I want to calculate a financial math problem called "Ichimoku" on GPU.

The actual problem can be shortened down to:

- you have a price series array - lets say an array of 10.000 doubles - 0 to 9.9999

Calculating Ichimoku involves basically the following task 2-3 times with different widths and a few minor challenges. All major calculations are independent from the previous / next one so the outer loop is perfectly parallel. The inner loop is a min/max reduction of the _X_ previous values:

perfect parallel outer loop:

- do the inner loop (kernel) for each array value independent from the prev / next value

inner loop:

(int) argument _X_ = 26

calculating the result of array index _I_ for width _X_:

- find the low of index _I_ to index (_I_ - _X_) = _LOW_

- find the high of index _I_ to index (_I_ - _X_) = _HIGH_

- result for _I_ = (_LOW_ + _HIGH_) / 2.0

so for _X_ = 26 and array_index = 100

- find the low of array[100] to array[100-26-1] (inclusive)

- find the high of array[100] to array[100-26-1]

- global result[100]= (low+high)/2.0

- of course only calculate for index values > _X_ argument values

I could simply write a kernel which gets invoked with the array length and does a sequential calculation of the high/low in the kernel.

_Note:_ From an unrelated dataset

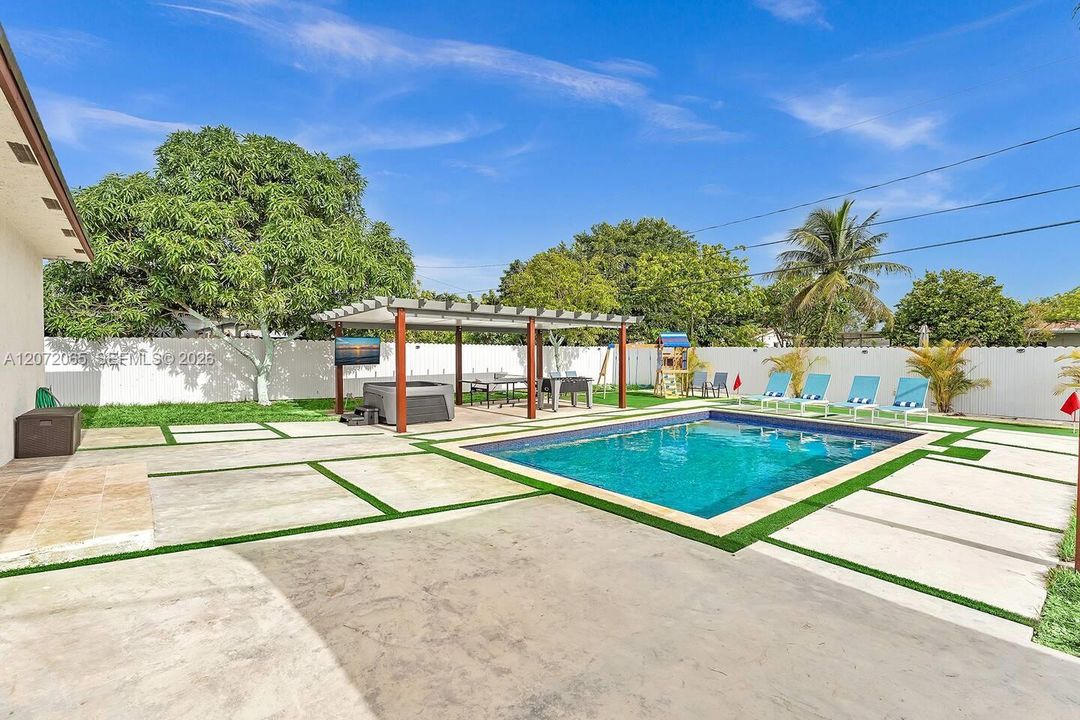 En Venta: $878,000 (5 camas, 3 baños, 2246 Pies cuadrados)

I would gain over traditional cpu implementation because i can call that kernel for every array value perfectly in parallel but the inner loop main work load would still be sequential.

How could i do a min/max reducation within the kernel? Call array_size * _X_ work items and keep track which work items are supposed to do a min/max local mem reduction at a certain stage and nothing on the later stage?

Help is very much appreciated.